§ WHAT TO PRODUCE
Every line of the records below from the line with "this 1000×667 image." up to and including the line with "this 1456×818 image." must be reproduced exactly, and no line outside that range.

§ TASK MATERIAL
- Opening Delimiter -

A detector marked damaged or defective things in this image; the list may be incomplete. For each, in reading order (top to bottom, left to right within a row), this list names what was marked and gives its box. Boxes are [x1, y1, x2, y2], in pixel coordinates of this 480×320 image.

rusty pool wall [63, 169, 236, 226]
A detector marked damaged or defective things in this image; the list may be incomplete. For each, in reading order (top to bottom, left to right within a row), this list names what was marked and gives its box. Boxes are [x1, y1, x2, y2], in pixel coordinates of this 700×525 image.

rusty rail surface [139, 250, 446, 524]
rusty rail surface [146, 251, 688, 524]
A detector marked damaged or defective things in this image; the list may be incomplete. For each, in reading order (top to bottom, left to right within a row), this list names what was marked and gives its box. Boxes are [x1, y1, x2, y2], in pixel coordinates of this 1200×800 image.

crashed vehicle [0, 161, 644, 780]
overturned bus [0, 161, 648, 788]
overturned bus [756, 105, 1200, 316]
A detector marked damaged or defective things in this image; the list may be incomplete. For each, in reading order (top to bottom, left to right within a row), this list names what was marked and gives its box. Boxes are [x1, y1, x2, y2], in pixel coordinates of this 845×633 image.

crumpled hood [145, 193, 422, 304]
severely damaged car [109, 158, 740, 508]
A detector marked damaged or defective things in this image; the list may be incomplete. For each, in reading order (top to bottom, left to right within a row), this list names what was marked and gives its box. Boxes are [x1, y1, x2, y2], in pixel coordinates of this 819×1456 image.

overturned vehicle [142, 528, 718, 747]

- Closing Delimiter -
- Opening Delimiter -

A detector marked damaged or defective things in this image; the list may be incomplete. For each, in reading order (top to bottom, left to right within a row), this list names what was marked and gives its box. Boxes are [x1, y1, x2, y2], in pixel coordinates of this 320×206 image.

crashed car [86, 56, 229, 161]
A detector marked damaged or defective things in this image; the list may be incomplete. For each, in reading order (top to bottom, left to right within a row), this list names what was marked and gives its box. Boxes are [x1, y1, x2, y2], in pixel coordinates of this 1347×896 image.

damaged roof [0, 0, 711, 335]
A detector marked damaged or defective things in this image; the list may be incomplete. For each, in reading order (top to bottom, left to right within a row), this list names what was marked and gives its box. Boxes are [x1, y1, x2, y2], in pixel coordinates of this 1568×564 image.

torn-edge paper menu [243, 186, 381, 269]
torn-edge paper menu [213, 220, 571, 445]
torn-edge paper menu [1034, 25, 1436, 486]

- Closing Delimiter -
- Opening Delimiter -

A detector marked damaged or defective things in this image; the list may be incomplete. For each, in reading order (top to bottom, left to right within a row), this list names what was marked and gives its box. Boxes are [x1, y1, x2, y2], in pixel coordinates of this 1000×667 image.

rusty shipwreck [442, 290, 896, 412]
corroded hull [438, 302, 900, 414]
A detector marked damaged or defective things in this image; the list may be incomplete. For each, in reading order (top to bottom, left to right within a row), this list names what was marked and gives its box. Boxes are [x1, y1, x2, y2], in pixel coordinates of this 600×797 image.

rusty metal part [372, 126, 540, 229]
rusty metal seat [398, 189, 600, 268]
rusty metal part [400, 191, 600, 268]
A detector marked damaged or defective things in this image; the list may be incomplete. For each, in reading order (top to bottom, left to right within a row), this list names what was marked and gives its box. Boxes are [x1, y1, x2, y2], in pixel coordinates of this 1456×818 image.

- Closing Delimiter -

§ TASK SOLUTION
A detector marked damaged or defective things in this image; the list may be incomplete. For each, in reading order (top to bottom, left to right within a row), this list names what was marked and gives its box. Boxes are [x1, y1, x2, y2], in pixel coordinates of this 1000×667 image.

rusty shipwreck [442, 290, 896, 412]
corroded hull [438, 302, 900, 414]
A detector marked damaged or defective things in this image; the list may be incomplete. For each, in reading order (top to bottom, left to right within a row), this list names what was marked and gives its box. Boxes are [x1, y1, x2, y2], in pixel coordinates of this 600×797 image.

rusty metal part [372, 126, 540, 229]
rusty metal seat [398, 189, 600, 268]
rusty metal part [400, 191, 600, 268]
A detector marked damaged or defective things in this image; the list may be incomplete. For each, in reading order (top to bottom, left to right within a row), this list names what was marked and gives its box. Boxes are [x1, y1, x2, y2], in pixel coordinates of this 1456×818 image.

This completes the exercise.